= WHAT IS REQUIRED =
Below is a listing. Return the lines from the one that contains "Quần 3 SỌC NƠ" to the one that contains "Pillow Ritual Aromatic, Calming", both ends included, verbatim and with no pictures.

= MATERIAL PROVIDED =
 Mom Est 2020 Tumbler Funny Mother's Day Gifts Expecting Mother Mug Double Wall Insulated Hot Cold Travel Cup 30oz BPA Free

--

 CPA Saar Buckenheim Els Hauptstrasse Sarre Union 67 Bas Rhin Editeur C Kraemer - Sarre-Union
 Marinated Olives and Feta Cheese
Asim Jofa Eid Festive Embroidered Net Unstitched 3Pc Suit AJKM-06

--

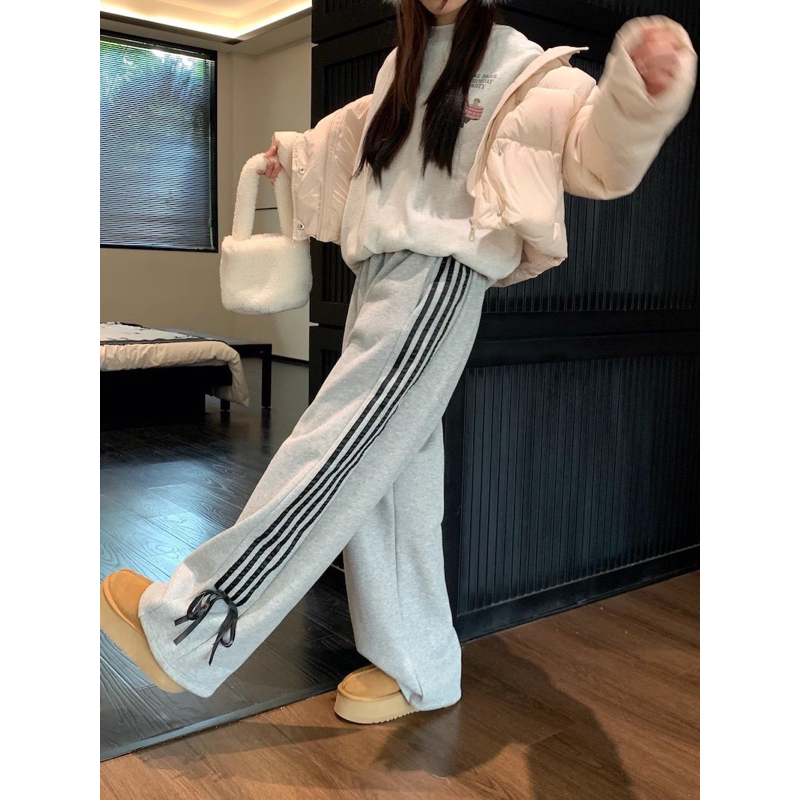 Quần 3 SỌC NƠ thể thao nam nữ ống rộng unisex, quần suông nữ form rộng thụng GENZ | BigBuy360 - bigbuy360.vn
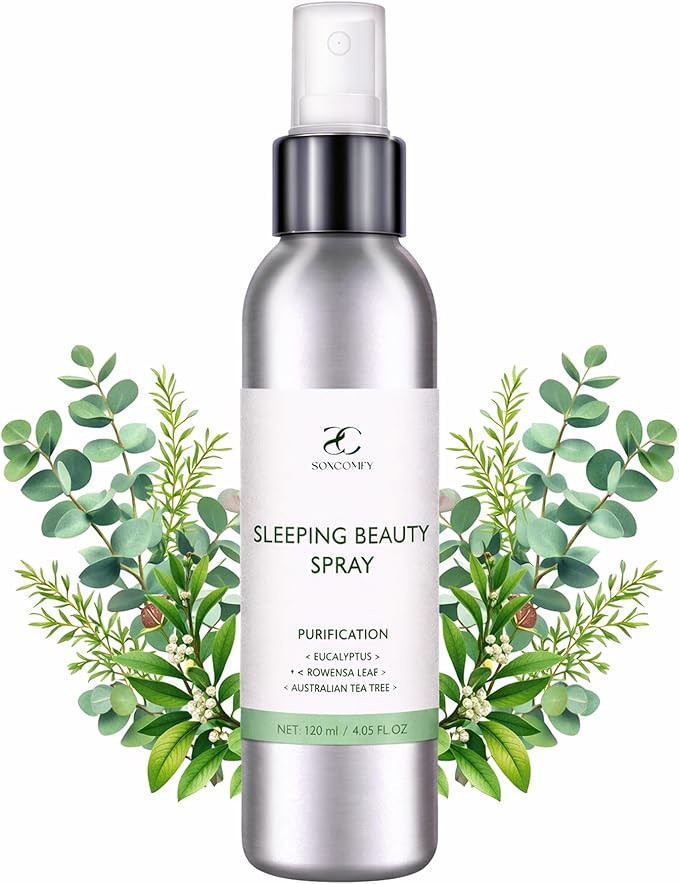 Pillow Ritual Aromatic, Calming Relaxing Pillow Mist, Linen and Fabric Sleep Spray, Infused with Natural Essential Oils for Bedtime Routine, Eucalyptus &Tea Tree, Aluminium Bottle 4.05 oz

= YOUR SOLUTION =
 Quần 3 SỌC NƠ thể thao nam nữ ống rộng unisex, quần suông nữ form rộng thụng GENZ | BigBuy360 - bigbuy360.vn
 Pillow Ritual Aromatic, Calming Relaxing Pillow Mist, Linen and Fabric Sleep Spray, Infused with Natural Essential Oils for Bedtime Routine, Eucalyptus &Tea Tree, Aluminium Bottle 4.05 oz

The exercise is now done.